- Problem
Without copying any picture, transcribe exactly the lines of the data below from the one containing "201 Cottonwillow Road, Melrose, MT 59743" through the one containing "Der schwer beschädigte".

- Supplied data
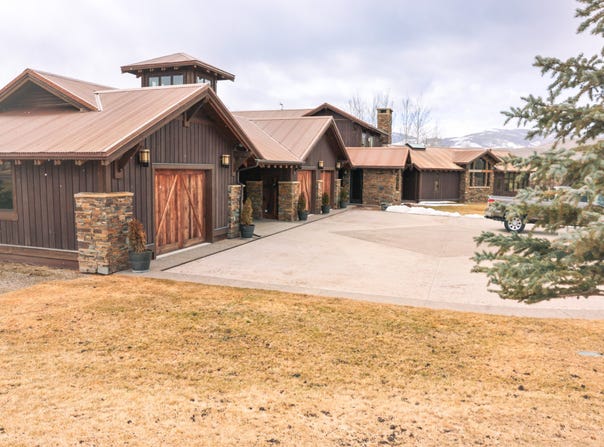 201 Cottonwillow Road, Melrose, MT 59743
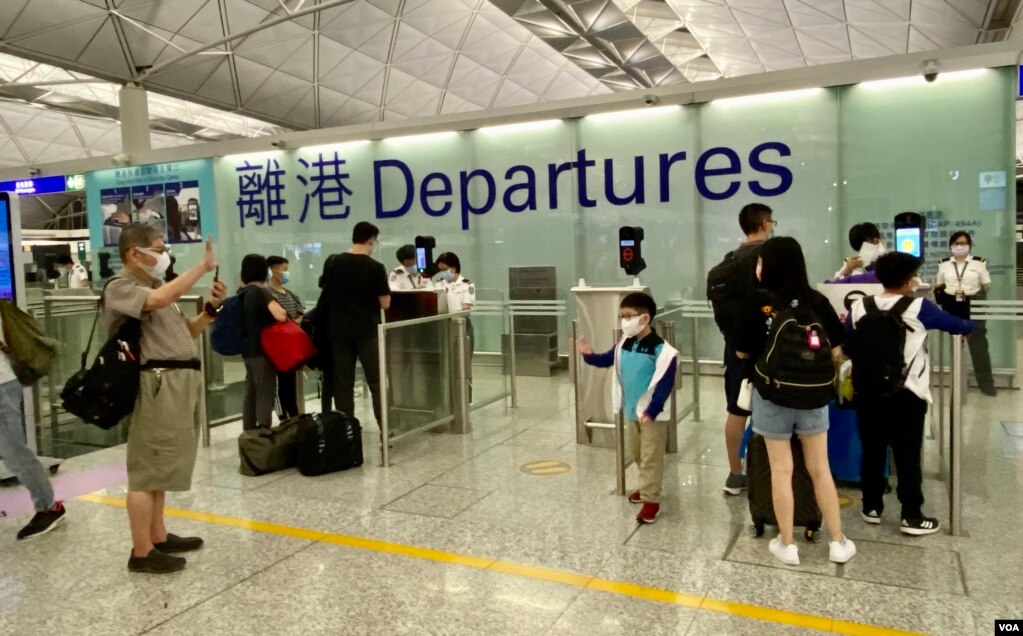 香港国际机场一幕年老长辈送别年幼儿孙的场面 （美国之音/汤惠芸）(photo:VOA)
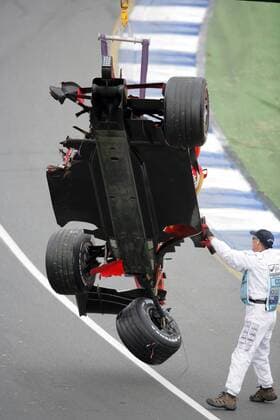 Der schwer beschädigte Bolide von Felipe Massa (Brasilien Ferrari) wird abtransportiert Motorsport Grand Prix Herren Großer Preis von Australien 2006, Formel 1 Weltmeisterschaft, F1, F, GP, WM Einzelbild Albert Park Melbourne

...

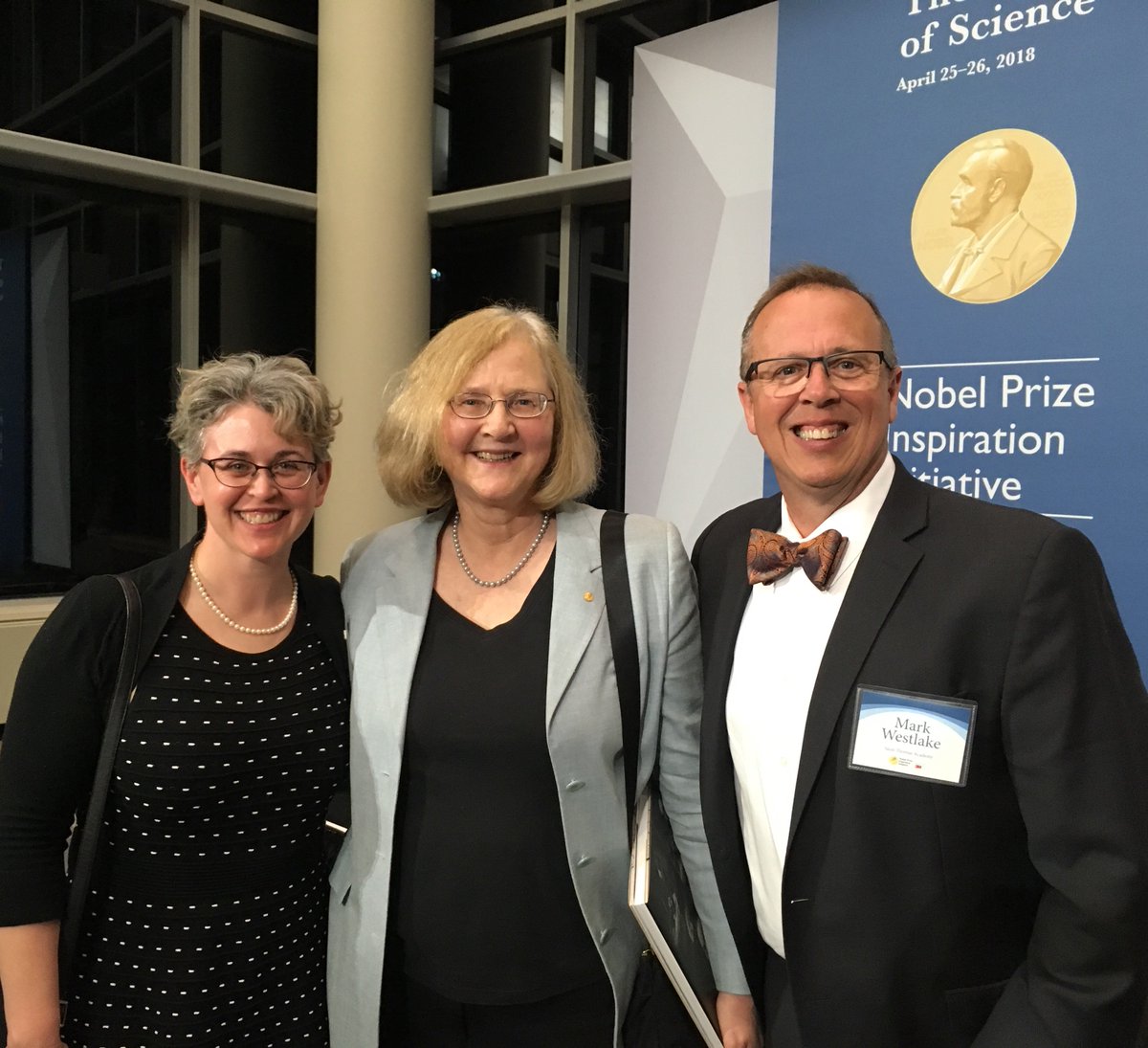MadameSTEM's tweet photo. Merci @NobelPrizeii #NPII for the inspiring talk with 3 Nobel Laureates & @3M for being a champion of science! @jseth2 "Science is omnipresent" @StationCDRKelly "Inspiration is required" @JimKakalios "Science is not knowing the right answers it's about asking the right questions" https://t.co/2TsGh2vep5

- Expected output
 201 Cottonwillow Road, Melrose, MT 59743
 香港国际机场一幕年老长辈送别年幼儿孙的场面 （美国之音/汤惠芸）(photo:VOA)
 Der schwer beschädigte Bolide von Felipe Massa (Brasilien Ferrari) wird abtransportiert Motorsport Grand Prix Herren Großer Preis von Australien 2006, Formel 1 Weltmeisterschaft, F1, F, GP, WM Einzelbild Albert Park Melbourne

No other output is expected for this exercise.